[Haskell-cafe] long-range performance comparisons (GHC over the years)

Wed Jan 6 14:03:26 UTC 2016

Dear Cafe,

I recently noticed a performance problem
due to a fusion rule not firing
for a straightforward piece of code.

In fact it turned out this was already fixed in HEAD,
see https://ghc.haskell.org/trac/ghc/ticket/11344
https://ghc.haskell.org/trac/ghc/ticket/9848

What worries me is that such a regression
had been sitting there for over a year
(and did not make it to 7.10.3) and I got to thinking:

     What long-range performance metering do we have?

So I tried to made nofib runs for some ghc-{6,7} versions
http://www.imn.htwk-leipzig.de/~waldmann/etc/nofib/comparison-k.text

This is slightly broken (not all tests can be built
for all compilers, and I don't known how to fix this)
but there are some interesting numbers already.

It seems nofib programs are self-contained (not using
any libraries) so they are mainly using numbers, lists, tuples,
and user-defined data.
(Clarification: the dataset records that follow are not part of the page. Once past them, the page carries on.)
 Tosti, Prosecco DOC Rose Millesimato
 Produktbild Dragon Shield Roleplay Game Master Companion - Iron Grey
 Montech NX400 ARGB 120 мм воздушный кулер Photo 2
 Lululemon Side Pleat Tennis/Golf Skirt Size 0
This is the heart of (traditional) Haskell,
so this is supposed to work really well.

The table shows that there are a lot of benchmarks
where performance has been increasing. That's good.

But not for all! We should certainly ignore all runtimes
that are absolutely small. I think it is most interesting
to look allocation numbers. A few examples from this list:

* exp3_8  (allocation goes up 50 % from 6.* to 7.*)
  this is addition of Peano numbers.

* gcd (allocation goes up 20 % from 7.8 to 7.10)
  using Integers, tuples (for extended Euclid),
  lists (for control)

* tak (runtime goes up 20 % from 7.6 to 7.8)
  the plain Takeuchi function, just Int and recursion
  (it should not allocate at all?)

(and I confirmed these by manually running them for more inputs,
all measurements done on debian on x86_64  X5365,
ghc-6.* installed from binary packages, ghc-7.* built from source)

So, can this be explained? Improved?

I think we should resist the temptation to change
these benchmarks (using seq and ! and Int# and whatnot)
Assuming nofib contains typical code,
it is the task of the compiler to handle it well.

In case you're wondering about my motivation - this was
prompted by teaching, I wanted to show that ghc creates
efficient code (by fusion) - but it's not just for the show,
I generally try to believe in what I teach and I do rely
on this for my real code. (Well, by definition, "real" for me
might still be "academic" for others...)

- Johannes.